30 March 2011

My dad has issue again......and this make me to wake up again

Tonight, my dad has a situation again......I am so helpless......I wish there are someone besides me, and tell me what should I do......

27 March 2011

< Lie to me>

after I came back to HKG for good, and after I have sent the e-mail to Mr. D....I was very addicted to a TV drama called < Lie to me>, I wanna learn if Mr. D was truly into me when he knew I got a one way ticket back home.......or he just ...playing around with me......

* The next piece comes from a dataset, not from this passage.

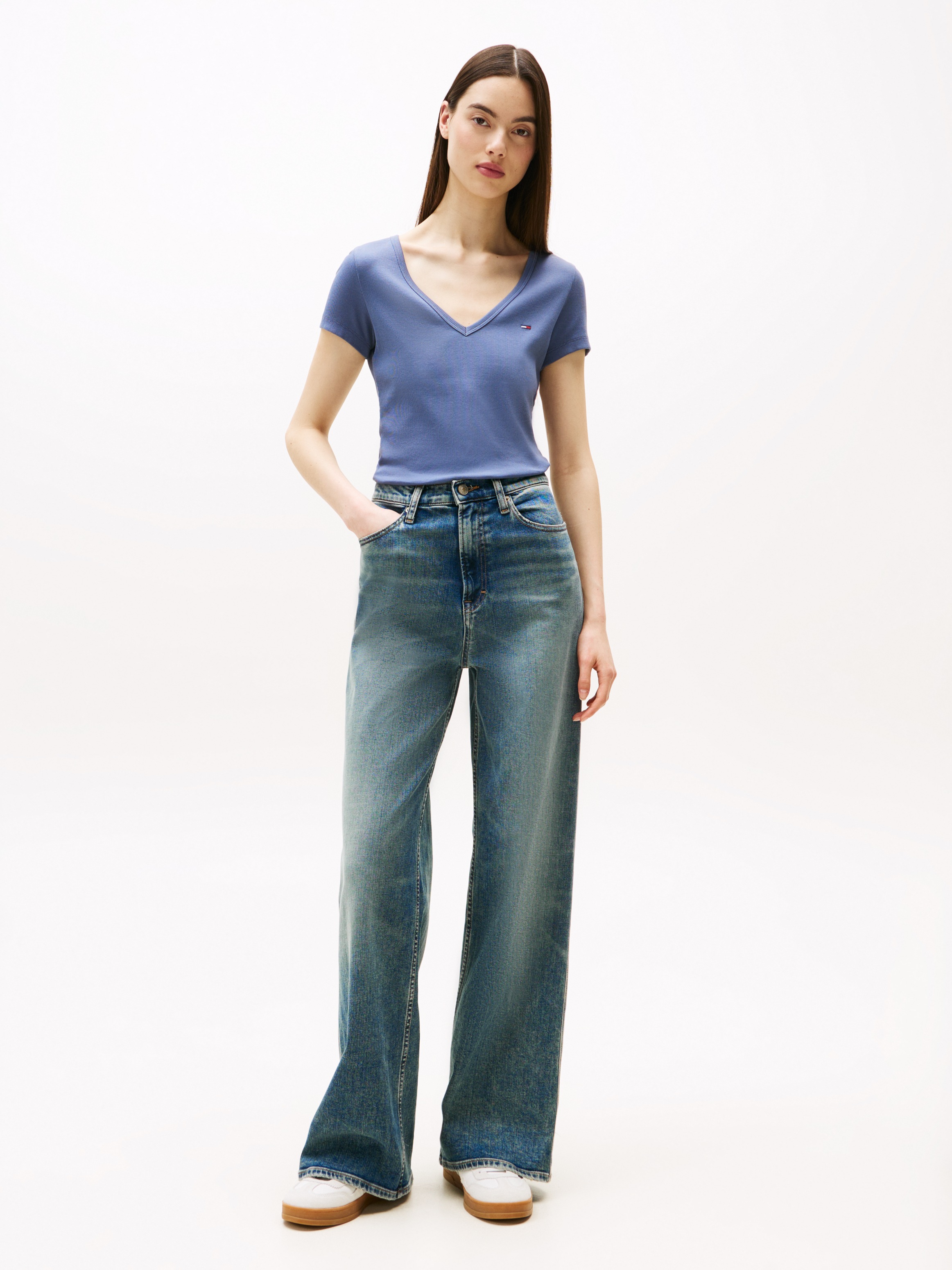Tommy Jeans T-Shirt "TJW SLIM ESSENTIAL RIB V SS", mit Logostickerei günstig online kaufen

I knew..I am only making excuse not to forget about Mr. D.....but......I still miss him..... a lot ......I still hoping...he will come and seek for me again like he used to be.....

25 March 2011

A song reminds me of Mr. HK


Whenever I hear this song, it reminds me ...what if..I have the guts to run away with Mr. HK....what would happen?

24 March 2011

Relief

7 May is the day for a new life : )

20 March 2011

Sometimes, I do blame all my Exes, especially Mr. D......

I went to visit my cuz's baby girl (finally...due to Chinese custom.......mmm, my granny from mum side passed away when she was born)....and she is sooooo lovely.

Even she tried so hard to escape from my arm when I first held her, yet, after a while, she was settled down, and even slept peacefully in my arms.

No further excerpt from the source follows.